Exercise prompt:
All lines below between the line with "Game Builder Tycoon" and the line with "S28 FACTORY ENGRAVED", including both, must be copied exactly, and the pictures must be omitted.

Dataset excerpts:
━━━━━━━━━━━━━━━━━━━━

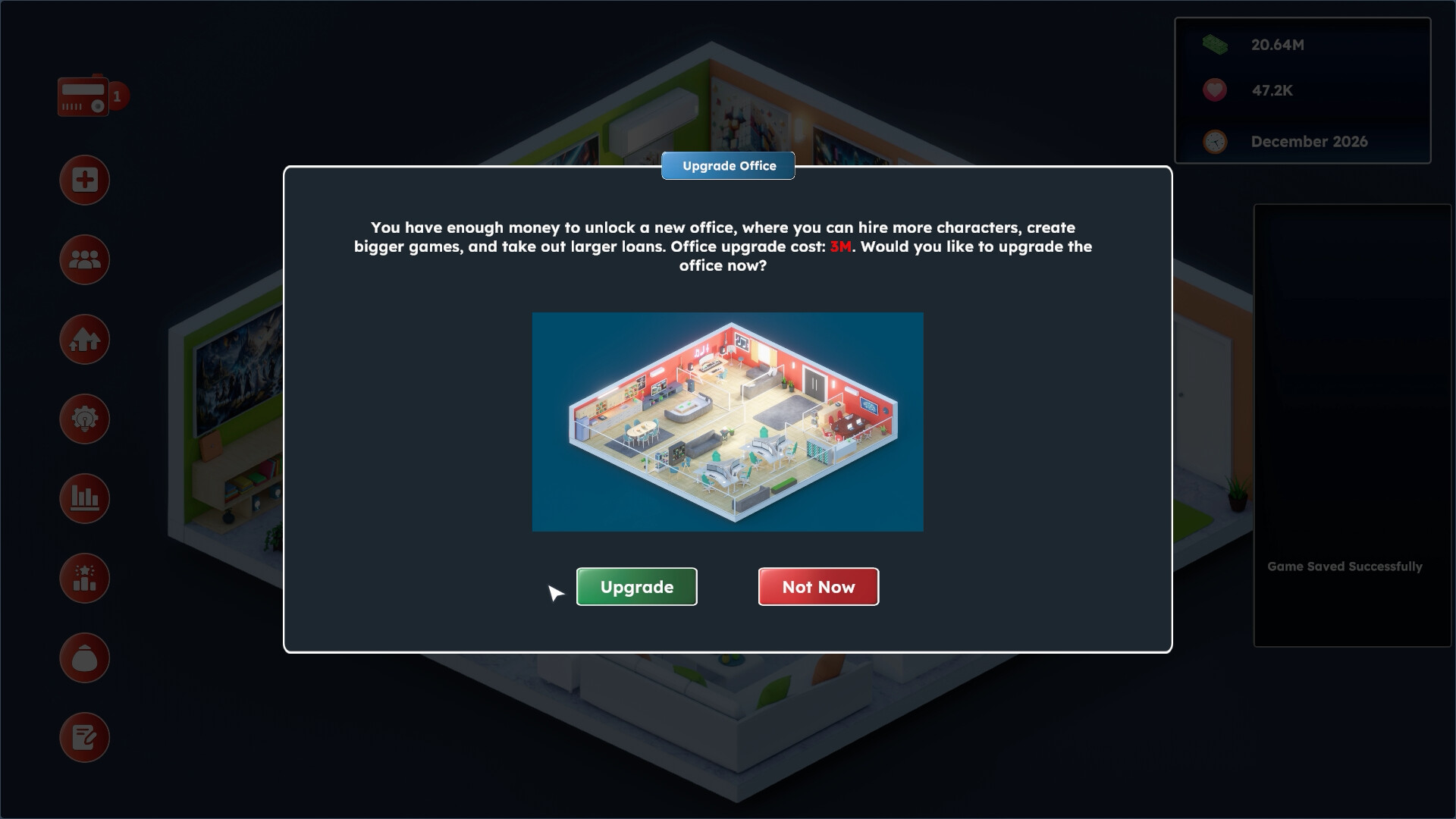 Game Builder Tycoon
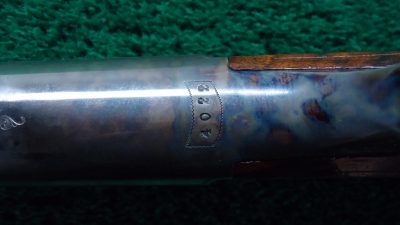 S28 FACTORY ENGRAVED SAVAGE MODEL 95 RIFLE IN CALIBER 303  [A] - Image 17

━━━━━━━━━━━━━━━━━━━━

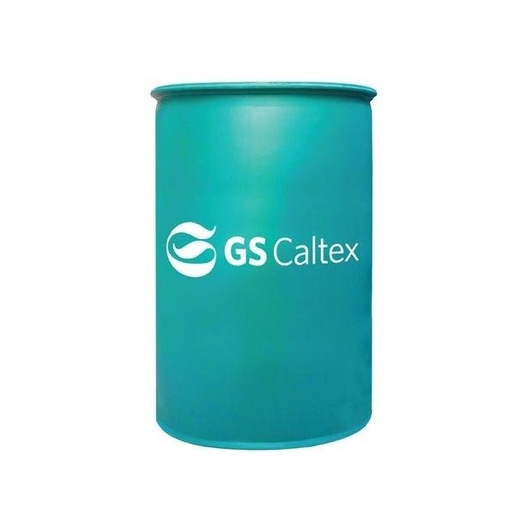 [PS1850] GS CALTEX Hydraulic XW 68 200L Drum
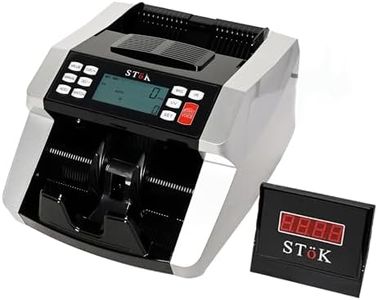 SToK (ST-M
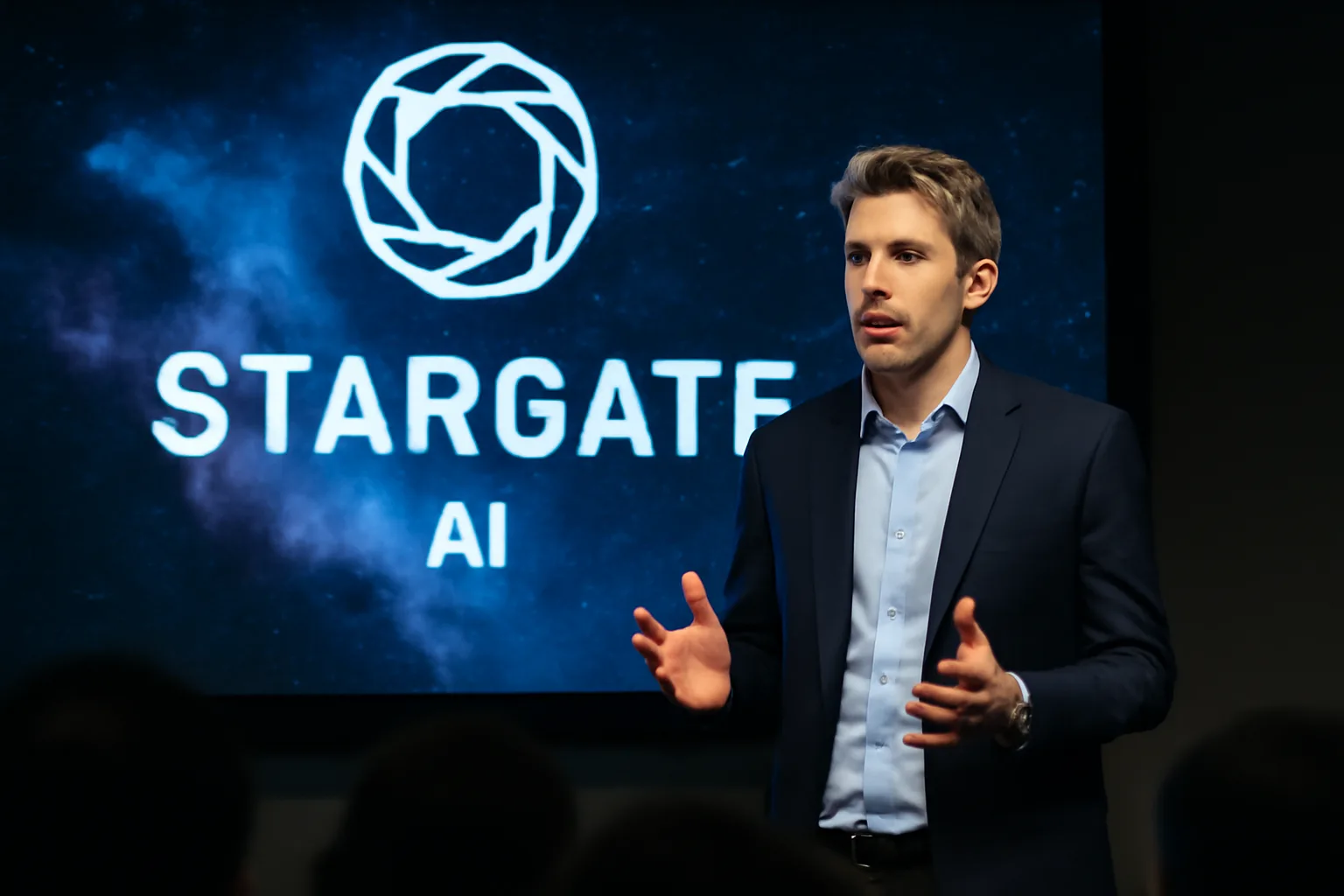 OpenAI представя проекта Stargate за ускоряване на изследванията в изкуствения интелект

━━━━━━━━━━━━━━━━━━━━

Solution:
 Game Builder Tycoon
 S28 FACTORY ENGRAVED SAVAGE MODEL 95 RIFLE IN CALIBER 303  [A] - Image 17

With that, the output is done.